DATASET EXCERPT:
Segment Open
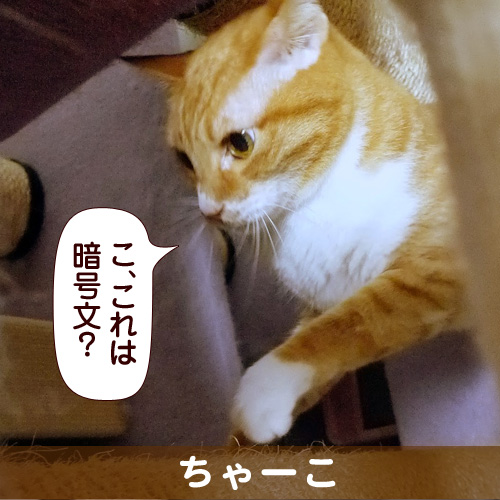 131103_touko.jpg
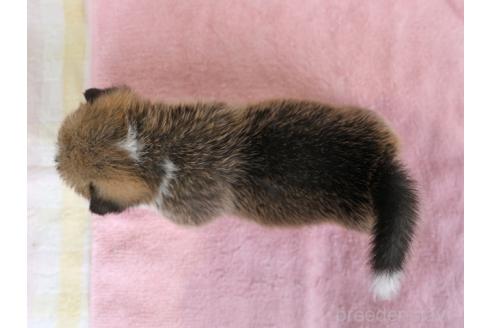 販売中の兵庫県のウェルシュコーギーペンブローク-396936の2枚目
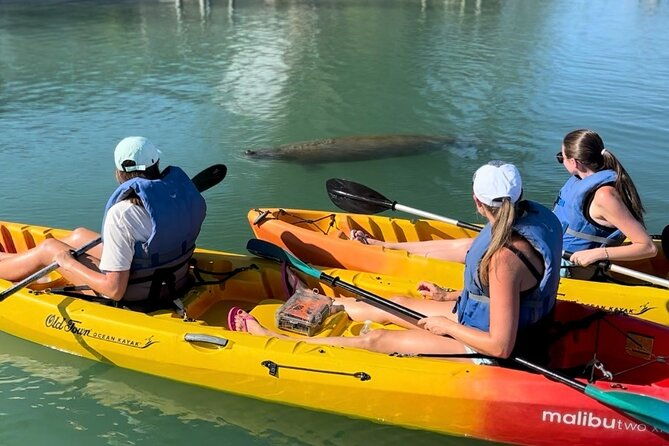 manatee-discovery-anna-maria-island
Segment Closed
Pictures aside, reproduce the listing above exactly.

SOLUTION TO THE EXERCISE:
 131103_touko.jpg
 販売中の兵庫県のウェルシュコーギーペンブローク-396936の2枚目
 manatee-discovery-anna-maria-island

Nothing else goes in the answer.